# [What the exercise asks]
Each line below is to be copied exactly; images do not go into the copy.

# [Data section]
++++++++++
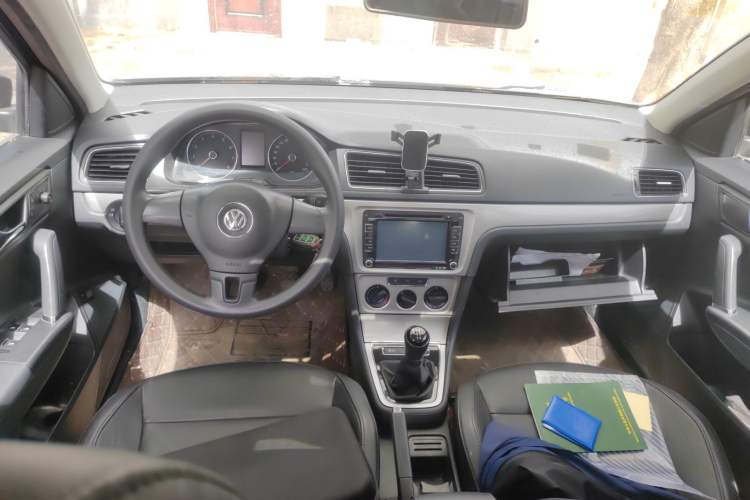 Used Volkswagen Lavida 2013 Restyled Classic 1.6L Manual Comfort Edition
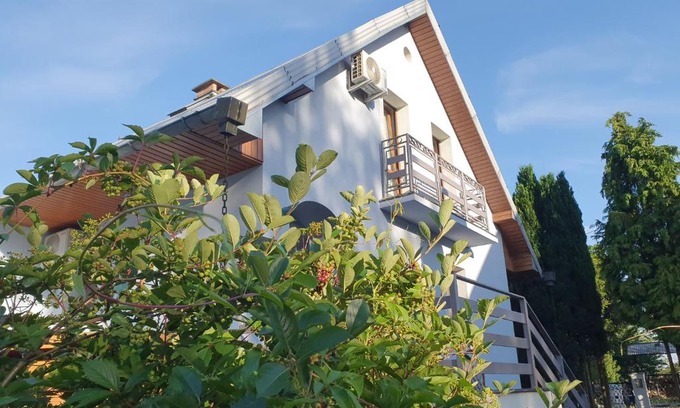Stegna Apartment | "PRZY PARKU" Dom nad morzem z werandą i ogrodem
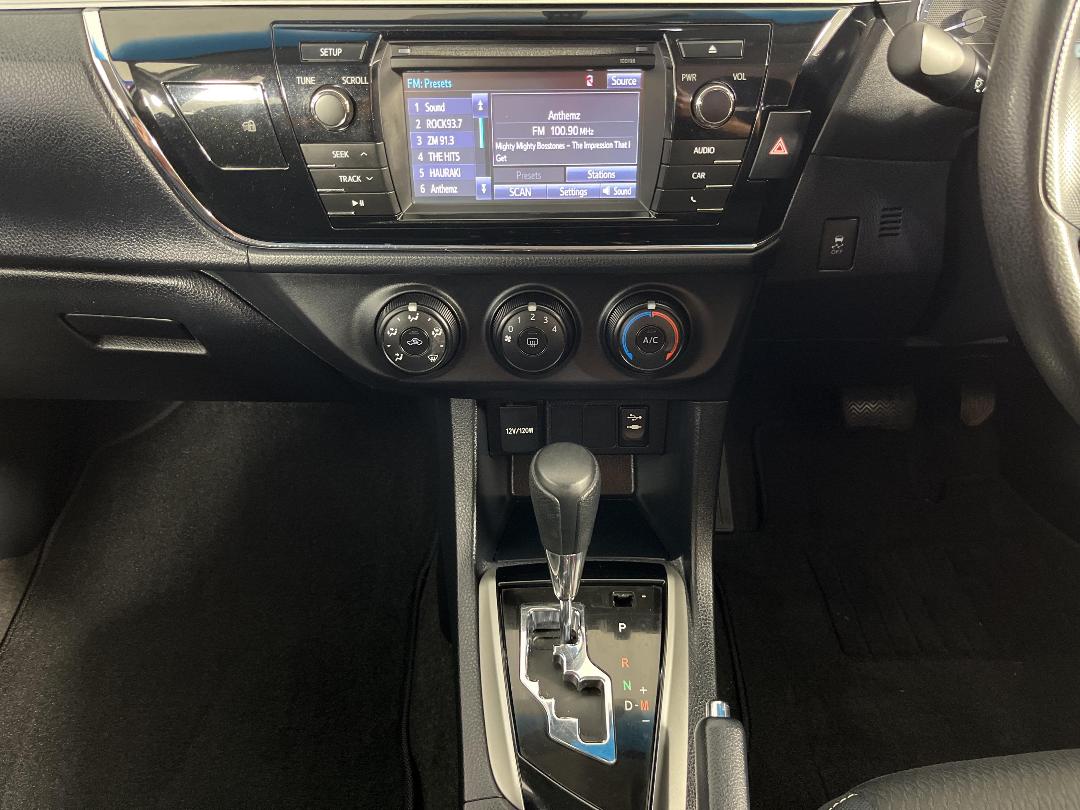 Photo '18' of Toyota Corolla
++++++++++
# [Exercise output]
 Used Volkswagen Lavida 2013 Restyled Classic 1.6L Manual Comfort Edition
Stegna Apartment | "PRZY PARKU" Dom nad morzem z werandą i ogrodem
 Photo '18' of Toyota Corolla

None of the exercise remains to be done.